Methodology And Study Materials|
Sub-workpackage 4.1 :
Develop the algorithm for TTI data analysis and use in a decision system (SMAS) that will optimize chill chain management effectively leading to the reduction of unsafe meat products
In this task the mathematical growth models for meat pathogens and the continuous
temperature monitoring with TTI will be used as the elements in the SMAS algorithm.
This program core will allow the evaluation of the safety risk of individual
product units (e.g small pallets or even single packs) at strategic control
point of the chill chain. Based on the distribution of the product safety potential
it is possible to make decisions for optimal handling, destination and stock
rotation, aiming to obtain a narrow distribution of safety at the point of consumption.

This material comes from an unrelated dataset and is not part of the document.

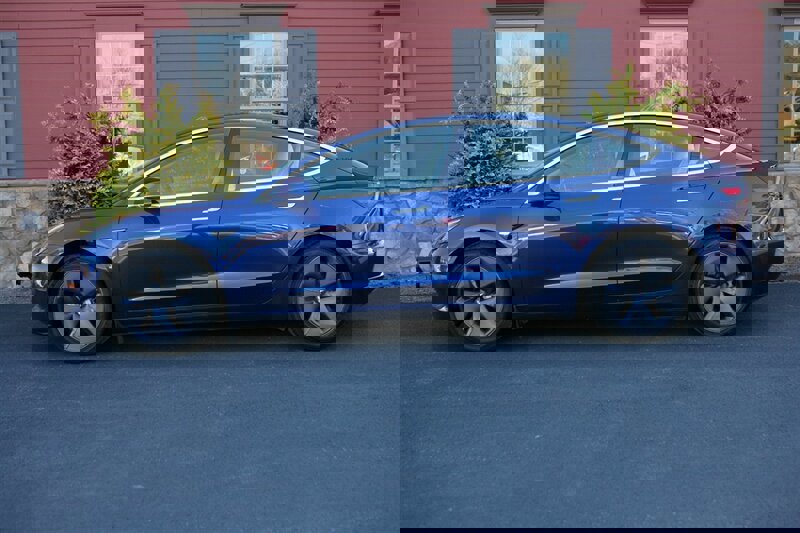 Used 2018 Tesla Model 3 Long Range image 4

Based on the quality of each product unit relative to this distribution, decisions
about its further handling are made. For the most abused products the decision
will be to shorten the time before consumption i.e. to advance them for consumption
as quick as possible or for products that SMAS estimates an unacceptable predicted
risk at the time of consumption to withhold them and discard or channel to a
different process that will eliminate risk.
Sub-workpackage 4.2 :
Build the Safety Monitoring and Assurance System (SMAS) into a simple, user-friendly computer software
The developed SMAS algorithm in Sub-workpackage 4.2 will be the basis of a
practical tool of chill chain management. This will be achieved by developing
a user friendly software that will integrate the meat safety and quality prediction
models (WP1), the TTI response kinetics and correlation routine
(software developed in WP3) and risk assessment data from WP2.
The software will be developed in appropriate computer programming language.

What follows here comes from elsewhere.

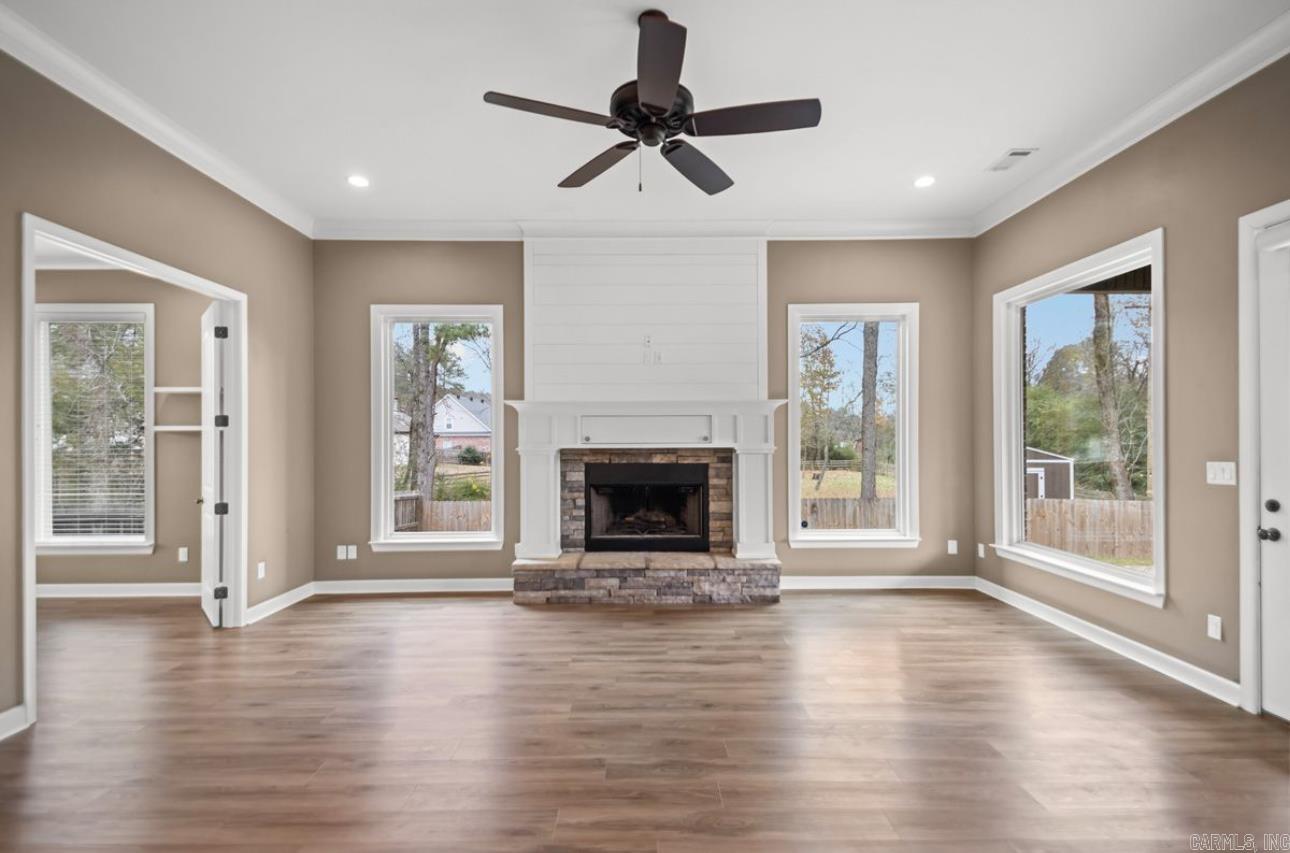 517 Creekside  Bryant, AR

Visual Basic will be a practical and widely applicable environment. More advanced
application packages will be considered if deemed necessary from the evaluation
of software performance in the filed testing (WP5). At the
chill chain decision point the TTI response and product characteristics will
be input to the software and the software will generate as output instructions
with regards the management of the product.
Sub-workpackage 4.3 :
Evaluate SMAS effectiveness and reliability by simulation of numerous potential scenarios by using Monte Carlo technique
To assess the application of the developed safety monitoring and assurance
management system based on SMAS the Monte Carlo numerical simulation technique
will be applied. It will be based on the generation of hypothetical, realistic
‘scenarios’ of handling, storage and transport throughout the meat distribution
chain, using temperature data provided by the obtained database(see WP2,
The final quality calculation procedure is repeated many times, including cases
of good as well as problematic marketing practice. Eventually, the analysis
leads to a frequency, instead of a single point value, for the output of interest
i.e. the level of risk and quality (expressed as remaining shelf life) that
has taken into account the probability distribution of temperature conditions.